EXERCISE GOAL
Would you please give the entries again word for word, with no images in your copy?

PROVIDED ENTRIES
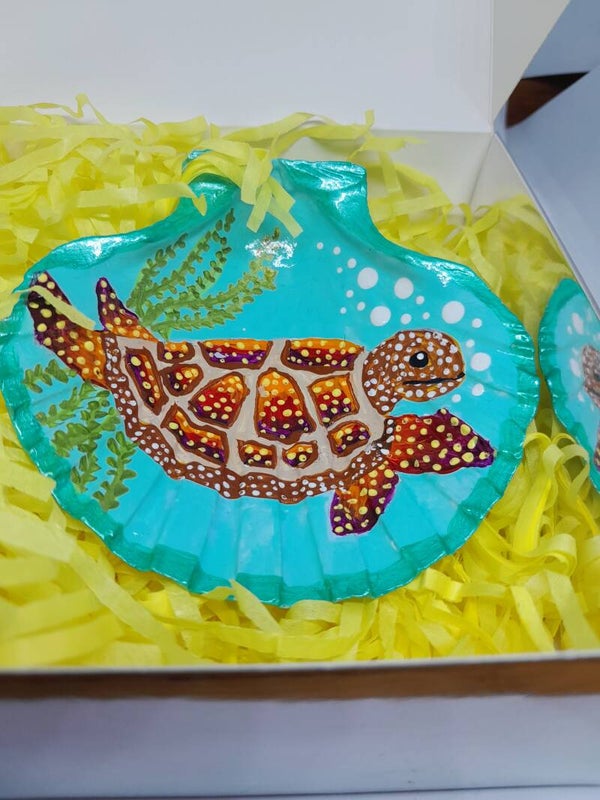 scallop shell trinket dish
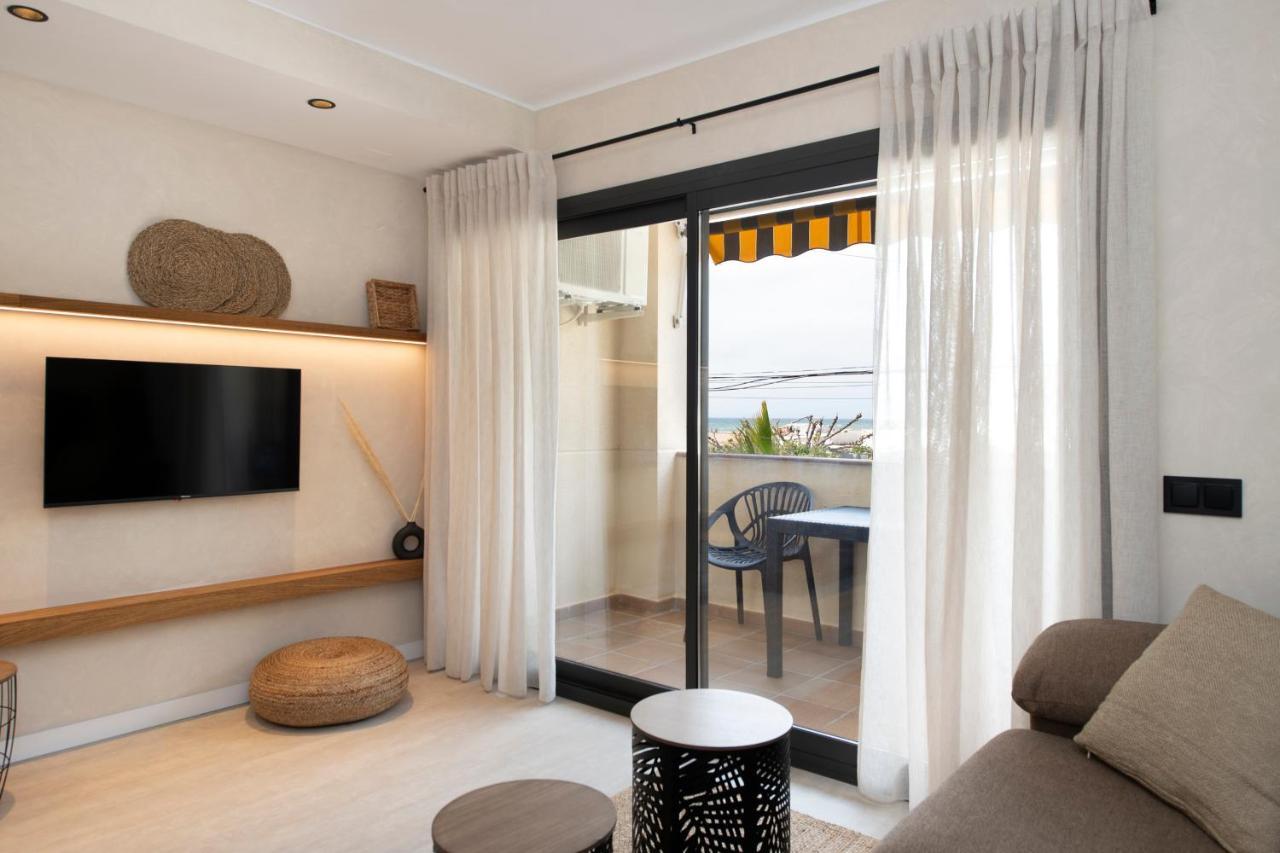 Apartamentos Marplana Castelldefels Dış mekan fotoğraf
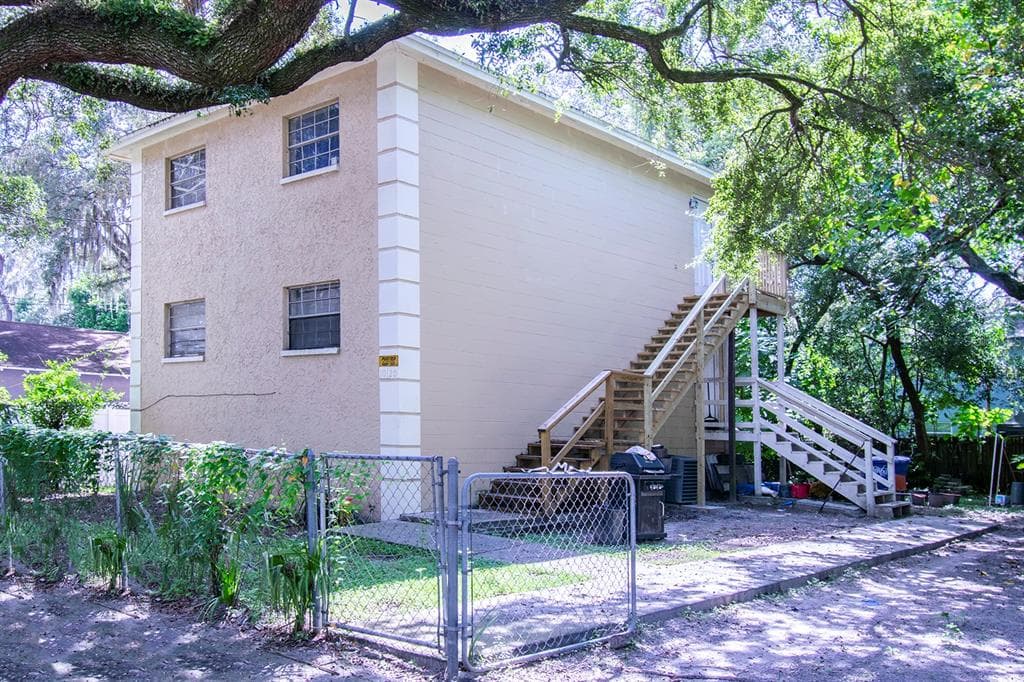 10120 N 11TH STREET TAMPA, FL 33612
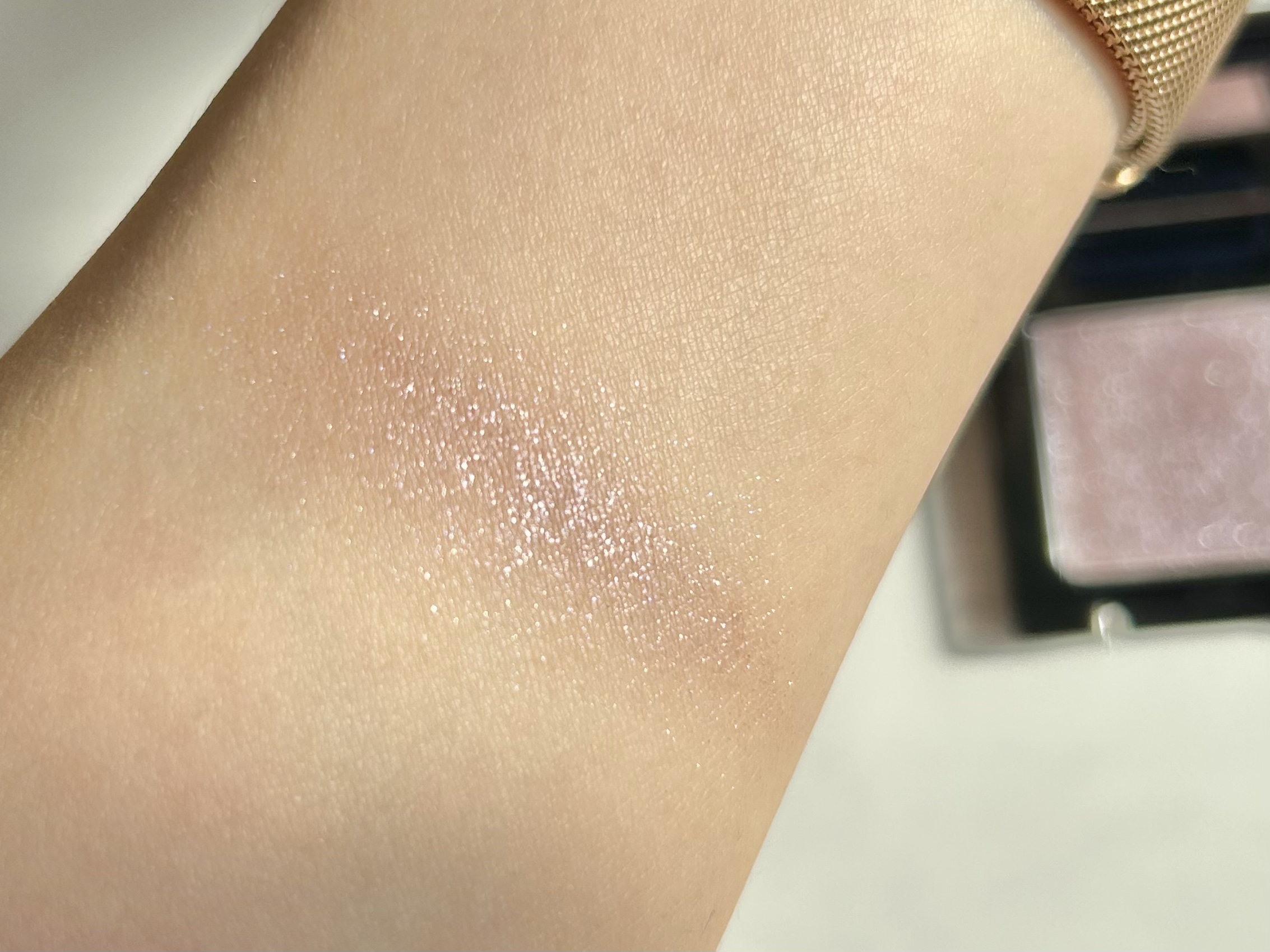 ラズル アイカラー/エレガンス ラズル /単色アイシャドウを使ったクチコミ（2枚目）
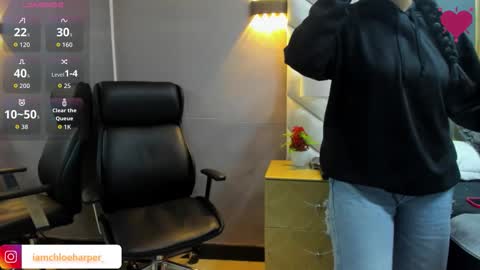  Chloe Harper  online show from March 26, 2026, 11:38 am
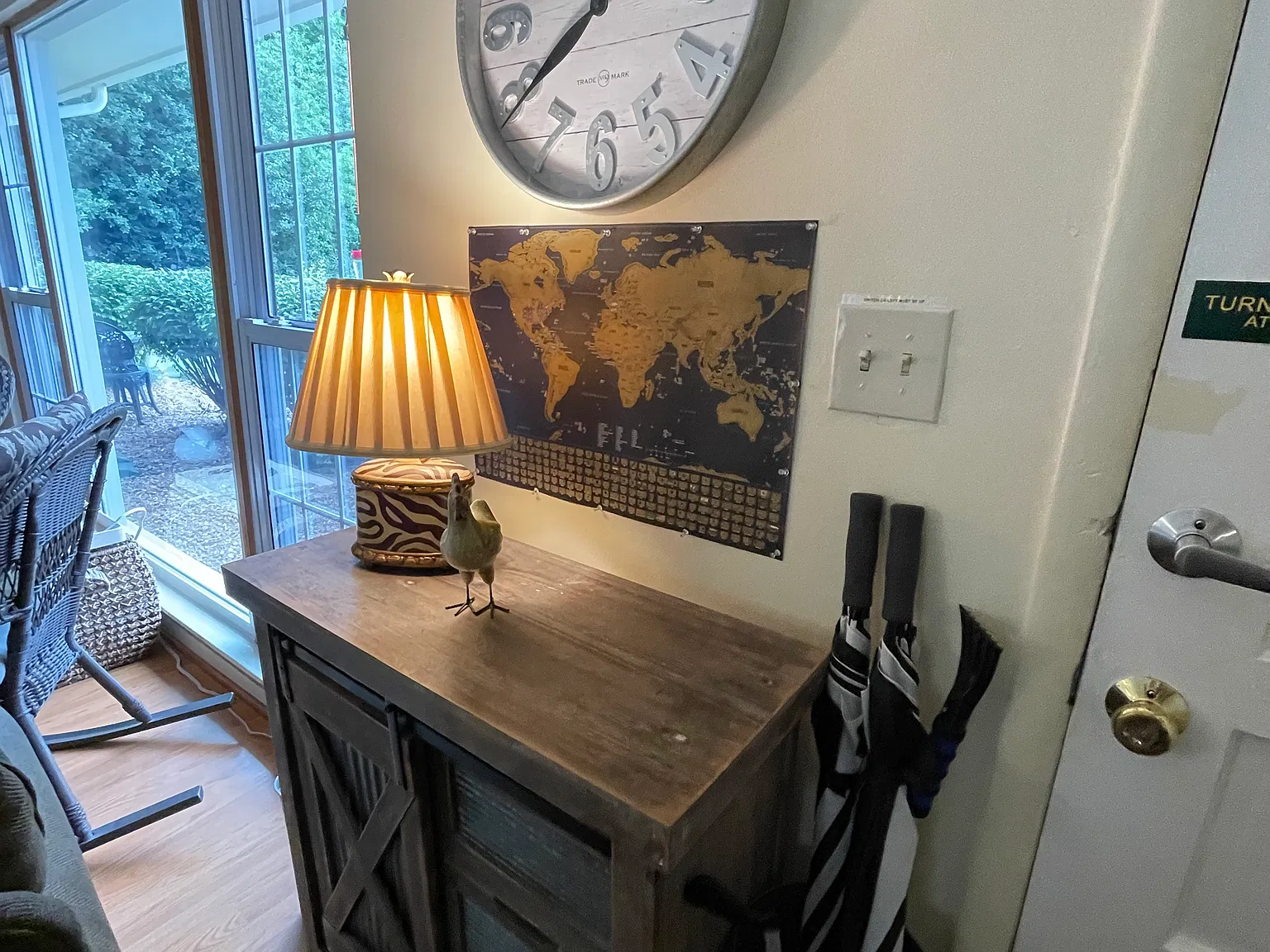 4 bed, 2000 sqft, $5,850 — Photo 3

RESULT BELOW
 scallop shell trinket dish
 Apartamentos Marplana Castelldefels Dış mekan fotoğraf
 10120 N 11TH STREET TAMPA, FL 33612
 ラズル アイカラー/エレガンス ラズル /単色アイシャドウを使ったクチコミ（2枚目）
  Chloe Harper  online show from March 26, 2026, 11:38 am
 4 bed, 2000 sqft, $5,850 — Photo 3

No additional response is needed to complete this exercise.